Kathleen Carroll, the executive editor for the Associated Press, calls it “snobbery” to focus on the Times and a select few other large publications when gauging the state of women in modern media leadership. Women, she notes, run plenty of newsrooms, large and small. Women hold the top positions at NBC News and at Al Jazeera America, at Time, Mother Jones, Harper’s, and National Geographic, at Slate and The Huffington Post. Carroll herself runs one of the largest news-gathering organizations in the world. According to the latest ASNE newsroom census, 63 percent of the news organizations surveyed have at least one woman among the top three editors.
“The focus has been on the old ASNE ladder of success, and I just think there’s more going on in more news organizations than the shorthand conversation about this has revealed,” Carroll says. “Do news organizations need to do a better job of having newsrooms that reflect the communities they cover? Absolutely. Is this a gender-only issue? Absolutely not.” (It’s definitely not a gender-only issue. In the most recent ASNE and RTDNA surveys, minorities made up just 11 percent of newspaper supervisors, 14 percent of TV news directors, and 12 percent of radio news directors.)
Barbara Cochran, who worked in print before becoming vice president for news at NPR and vice president and Washington bureau chief for CBS News, sees things changing for the better, too. She remembers the days in the early 1970s when the National Press Club was male only. Women had to sit upstairs in the balcony and were not allowed to ask questions. Now in TV, she observes, the number of female news directors is increasing: “It used to be that a female news director would be in a smaller market or working for a less popular network affiliate. Now you find them at all levels, all market sizes. There’s been growth, for sure.”
NPR has had strong women’s voices from the start, Cochran points out: Cokie Roberts, Linda Wertheimer, Nina Totenberg, and more recently Melissa Block and Renee Montagne, people to whom young journalists can look as role models.
Still, Cochran believes more needs to be done: “I think companies thought, ‘Oh, this problem was solved.’ And now we’re recognizing that it’s much more subtle, much more difficult.” She cites an ABC mentorship program in which senior male executives mentored younger colleagues, many of them women and people of color. “That was a very valuable thing, to have somebody you can talk to,” Cochran says. “A lot of times you’re afraid to ask for help. Programs like that can really make a difference.”
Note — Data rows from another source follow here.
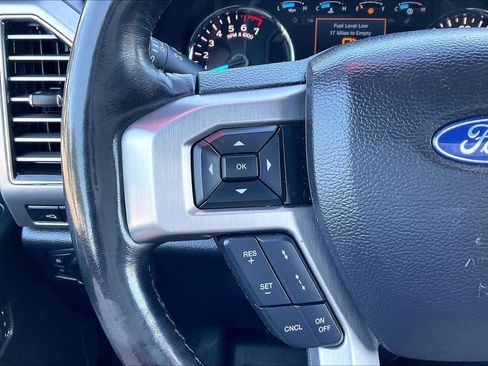 Used 2019 Ford F150 Platinum w/ Equipment Group 701A Luxury AWD/4WD image 24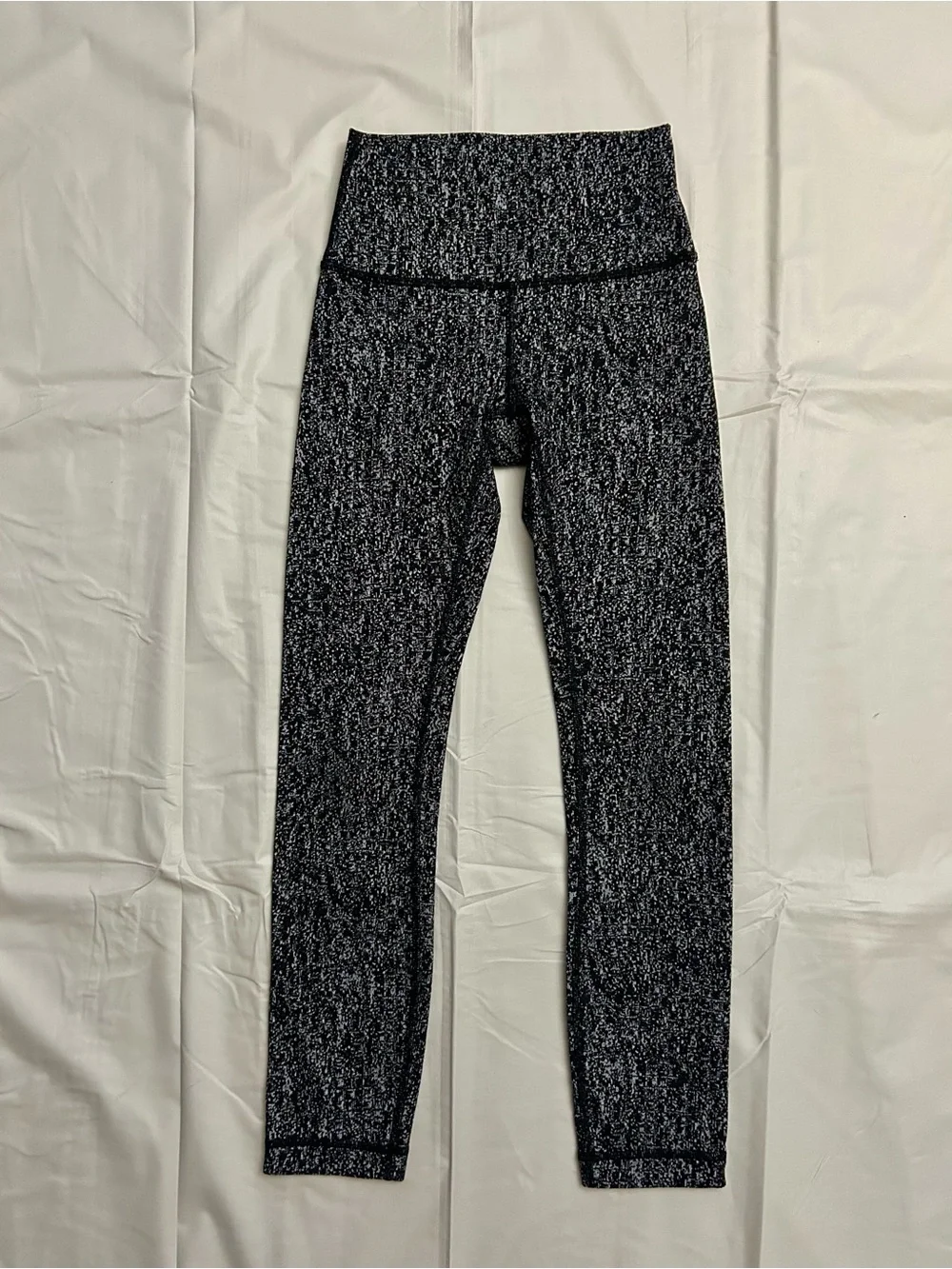 Lululemon Wunder Under Black and White Splatter Luon Leggings Size 0
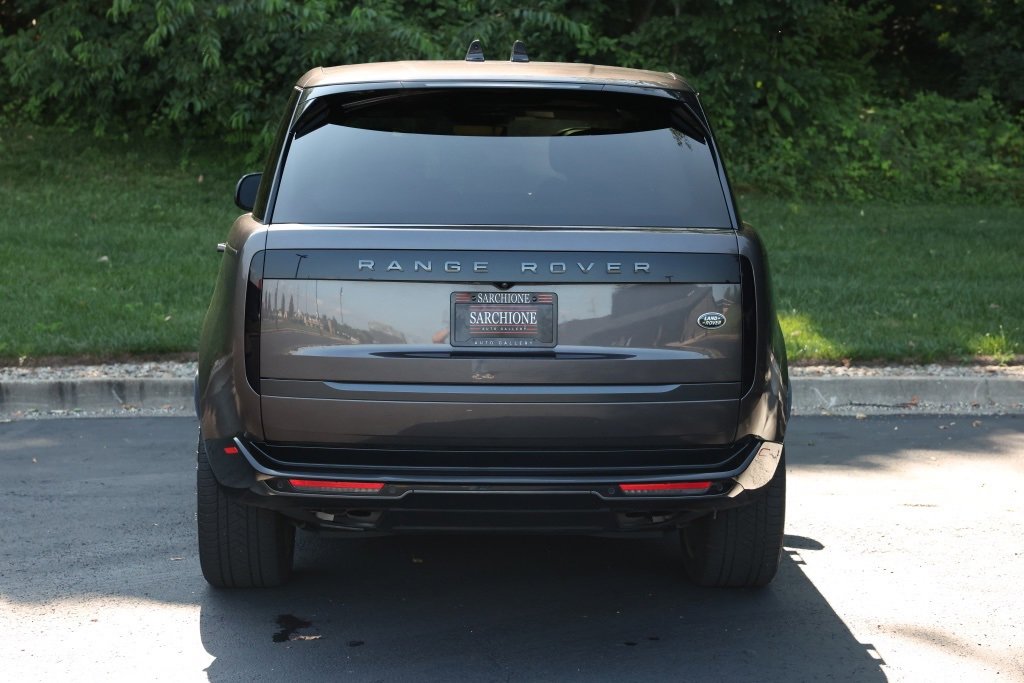 Used 2023 Land Rover Range Rover Long Wheelbase Autobiography image 3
This kind of sensitivity to gender and racial balance has made a difference at Al Jazeera America, according to Kate O’Brian, the network’s president. “If you came into our newsroom, you’d be quite taken by the gender, age, and racial diversity,” she says. There are two women on the senior editorial team and a number of women among the senior executive producers as well as in the technical department. “The ability to sit in a room with people of different backgrounds, different ages, different nationalities, and discuss how we’re covering the various stories, there’s no substitute for it,” O’Brian explains. “There are a million different perspectives and if you don’t hear them, you’re not going to be able to explore all sides of the story.”
Female Top Editors of the 25 Biggest International Dailies
The 25 newspapers worldwide with the largest circulations range from Yomiuri Shimbun, one of Japan’s national newspapers, with a circulation of about 9.7 million in 2013, to Rajasthan Patrika, an Indian paper with a roughly 1.7 million circulation. Wanfen Li, editor of the Guangzhou Daily, is the only female in the top editorial post at any of the biggest 25 newspapers worldwide. The Daily, with a circulation of 1.88 million, is the official paper of the municipal Communist Party committee in the provincial capital city of Guangzhou
1
Yomiuri Shimbun, Japan
Asahi Shimbun, Japan
Mainichi Shimbun, Japan
The Times of India, India
Dainik Jagran, India
Cankao Xiaoxi, China
The Nikkei, Japan
Bild, Germany
People's Daily, China
Chunichi Shimbun, Japan
Dainik Bhaskar, India
Wall Street Journal, U.S.
Hindustan, India
Malayala Manorama, India
The Sun, U.K.
Amar Ujala, India
Guangzhou Daily, China
New York Times, U.S.
Nanfang City News, China
Eenadu, India
Yangtze Evening News, China
Daily Mail, U.K.
Chosun Ilbo, South Korea
Qianjiang Evening News, China
Rajasthan Patrika, India
SOURCE World Association of Newspapers and News Publishers World Press Trends report, 2014, based on circulation data for 2013, with the exception of data for Chinese papers, which is from 2012. Sports Nippon, a Japanese paper that came in at number 22, was excluded to keep the focus on general interest newspapers
Meredith Artley, vice president and managing editor of CNN Digital and president of the Online News Association, found the conversation prompted by Abramson’s ouster—Did gender play a role in her firing? Are women held to a different standard? Is there a “crisis of women”?—almost cringe-inducing. “I’m not saying we don’t have a problem, but the way we talk about it can be a distraction,” she says. “You don’t see men have these kinds of conversations. They talk about the work, not about, ‘Are you leaning in or are you leaning out?’ ‘Are you feeling guilty about not balancing work and family?’ ‘Are you held to a different standard as a leader?’ Yes, there is a problem. But what’s the actual conversation we can have that will make things better?”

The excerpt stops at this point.